▶ [Source data]:
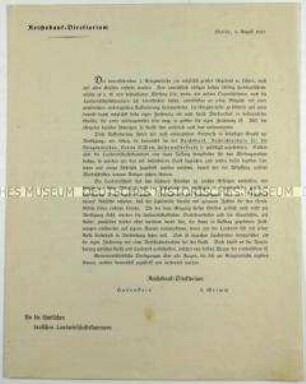 Rundschreiben des Reichsbank-Direktoriums an alle Landwirtschaftskammern zur 7. Kriegsanleihe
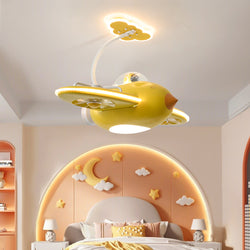 Bedroom Classroom Decoration Cartoon Airplane Remote Control 3 Color Dimmable App Control Kids Helicopter Ceiling Fan With Light 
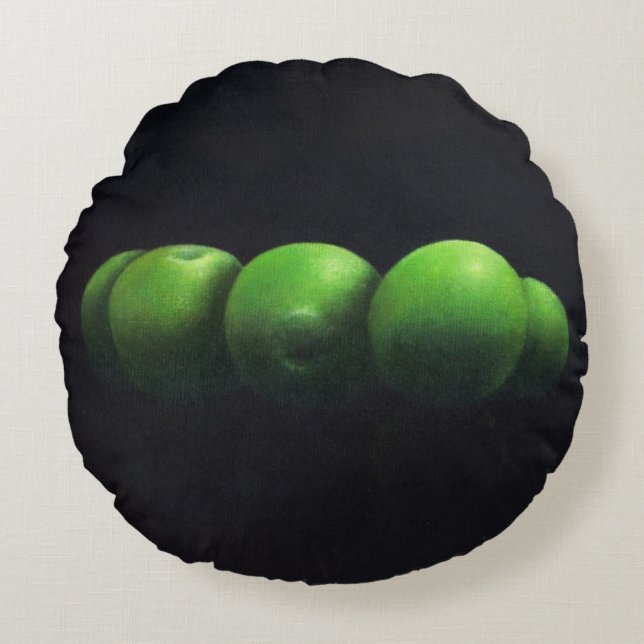 Five Green Apples Round Cushion (Front)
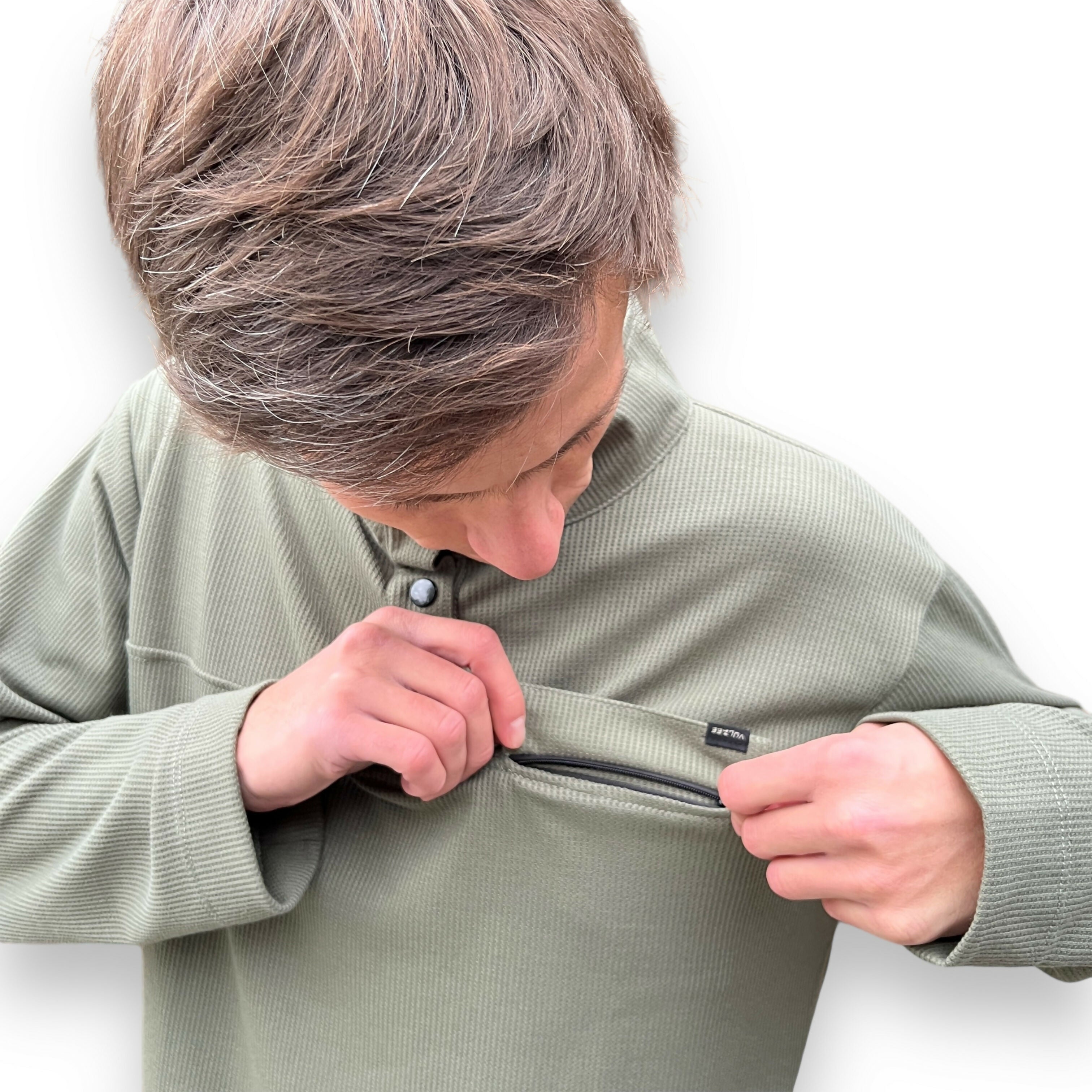 polerón waffle hombre verde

▶ [Activity]: Give the lines from the one containing "Bedroom Classroom Decoration" through the last line of the material again, exactly and with no pictures, both ends included.

▶ [Response to the task]:
 Bedroom Classroom Decoration Cartoon Airplane Remote Control 3 Color Dimmable App Control Kids Helicopter Ceiling Fan With Light 
 Five Green Apples Round Cushion (Front)
 polerón waffle hombre verde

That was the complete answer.